When singer David Bussières appeared before the committee, he neatly summed up the situation as follows:

 . . . the longer it takes, the greater the hegemonic effect of the Big Tech oligopoly in distancing audiences from local content. Our cultural identity is ultimately at stake, with all its diversity . . . and the fact that it is home to the only francophone communities in America.

During the study in committee, the senators from the Independent Senators Group, of which I am a member, got the 18 amendments that they moved adopted. Some of those were major amendments.

In my opinion, the most important amendment, which was prepared in cooperation with Senator Paula Simons, strikes to the heart of the debates on Bill C-11, namely, the scope of the exception for content generated by social media users.

The adopted amendment curbs the CRTC’s discretionary power and basically limits the bill’s application to professional music content. This further guarantees that YouTubers will not be targeted by Bill C-11, even if they generate revenue. This amendment also recognizes the fact that the world of cultural creation has changed. Individual creators have flooded social media with special content. They aren’t subsidized. They don’t have money. They manage on their own and they use their own business model. Our amendment helps to better maintain their autonomy.

I personally moved two other amendments, which were adopted. The first was in keeping with the recommendation of the Privacy Commissioner, Philippe Dufresne, who was of the opinion that Bill C-11 should better respect consumers’ and creators’ right to privacy. That is a significant addition given the considerable exchange of personal information resulting from the regulations.

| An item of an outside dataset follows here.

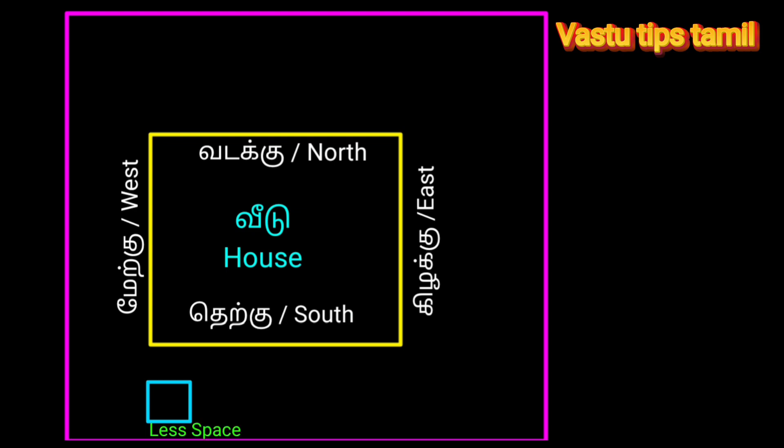If you have a compound, you can compare it to the compound. This is very important.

The other amendment is the result of my long-standing commitment to protecting children from exposure to online pornography — or what is called adult content, which is regularly consumed by millions of children around the world — which causes obvious harm. The objective of Bill C-11 is to give the CRTC the power to regulate online platforms in the same way that it can regulate traditional broadcasters. The CRTC already has the ability to regulate access to sexually explicit content in traditional broadcasting, through cable or satellite, and my amendment only transfers that ability to online content.

The amendment reads as follows:

 . . . online undertakings shall implement methods, such as age-verification methods, to prevent children from accessing programs on the Internet that are devoted to depicting, for a sexual purpose, explicit sexual activity;

This is simply a statement of principle. The regulations and consultations should be carried out before these age verifications go into effect. The objective is simple. We will apply to the internet precautions that exist in the physical world to protect children from adult content.

[English]

I will conclude with a few words about algorithms, which were discussed at length during our committee hearings. These algorithms are, in a way, the secret sauce that determines what content is recommended and put forward for a given user. I say “secret sauce,” because we know almost nothing about these formulas which are closely guarded by the platforms. These algorithms incorporate several variables and data with the goal of attracting and retaining users for as long as possible. Yet, for some, these algorithms are not only confidential but sacrosanct — any attempt to intervene in favour of Canadian content thus constitutes a form of crime against the free market.

Here is what Brock University Professor Blayne Haggart told the committee about algorithms:

Algorithms become one of those magic and scary words that intimidate people, but all they really are is a set of rules that are repeated over and over again. . . . It is a form of regulation.

These privatized discoverability regulations are not designed simply to surface the most popular content or the content that you, the viewer, or reader, are most interested in. These companies do not just tell us what content is popular; they define what popular means. They already create winners and losers and they define popular to fit their own interests, however they decide to define them.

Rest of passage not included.